Single by L'Algérino

from the album International
- Language: French
- Released: May 5, 2017
- Recorded: 2017
- Studio: Marseille, France
- Genre: French hip hop, pop
- Length: 2:56
- Songwriter(s): Zak Cosmos; L'Algérino;
- Producer(s): Zak Cosmos

L'Algérino singles chronology
|  | "Les Menottes (Tching Tchang Tchong)" (2017) | "Va Bene" (2018) |

Music video
- "Les Menottes (Tching Tchang Tchong)" on YouTube

= Les Menottes (Tching Tchang Tchong) =

"Les Menottes (Tching Tchang Tchong)" is a song written and performed by Algerian and French rapper L'Algérino.

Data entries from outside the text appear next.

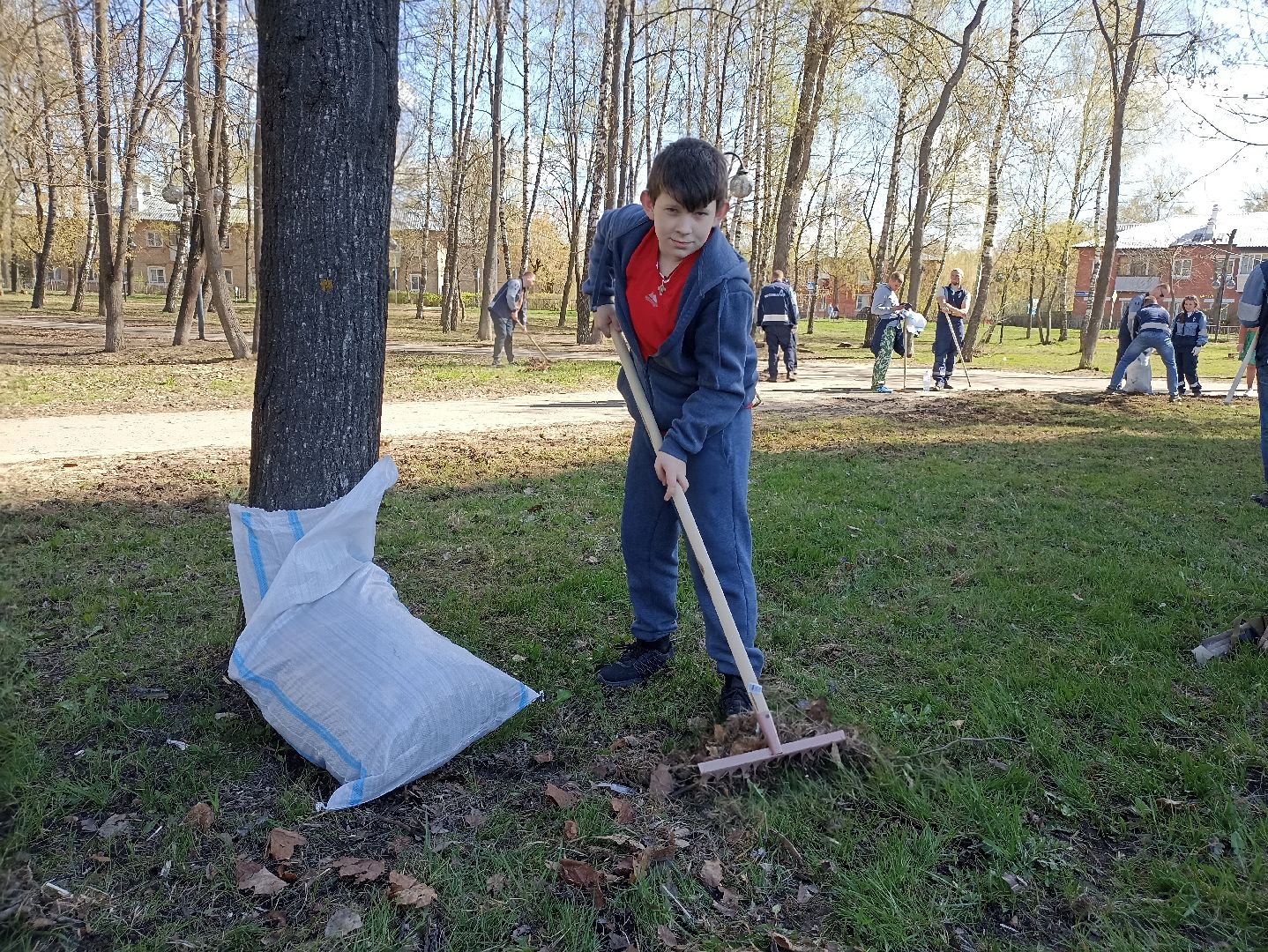 Серпухов, Подмосковье, уборка, субботник, парк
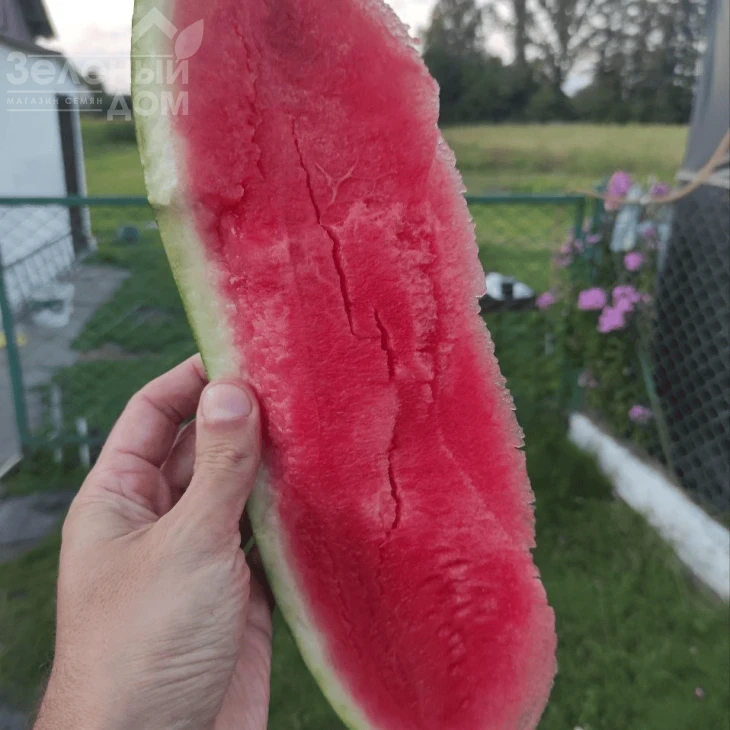 Эксплорер F1 / Eksplorer F1  фото 2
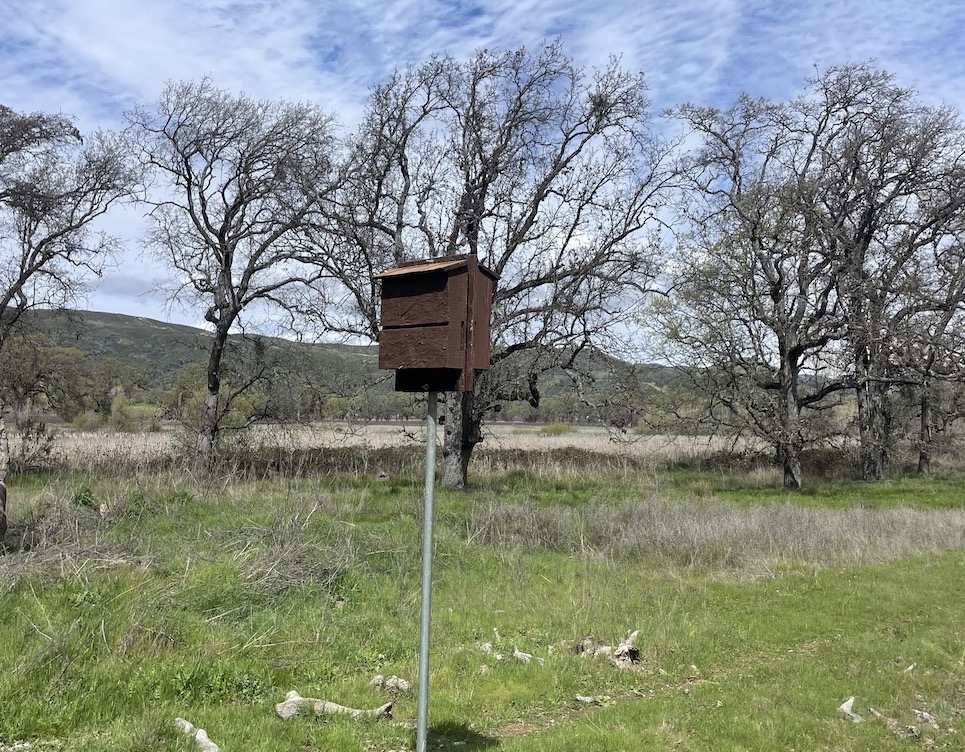How bats are helping in the vineyard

The song was recorded in 2017 in Marseille, France, and released on May 5, 2017.

== Music video ==
The song was released on YouTube on May 5, 2017 and was filmed in Marseille.

== Charts ==

| Chart (2019) | Peak position |
|---|---|
| France (SNEP) | 26 |

== Certifications ==

| Region | Certification | Certified units/sales |
| France (SNEP) | Platinum | 133,333^{‡} |
^{‡} Sales+streaming figures based on certification alone.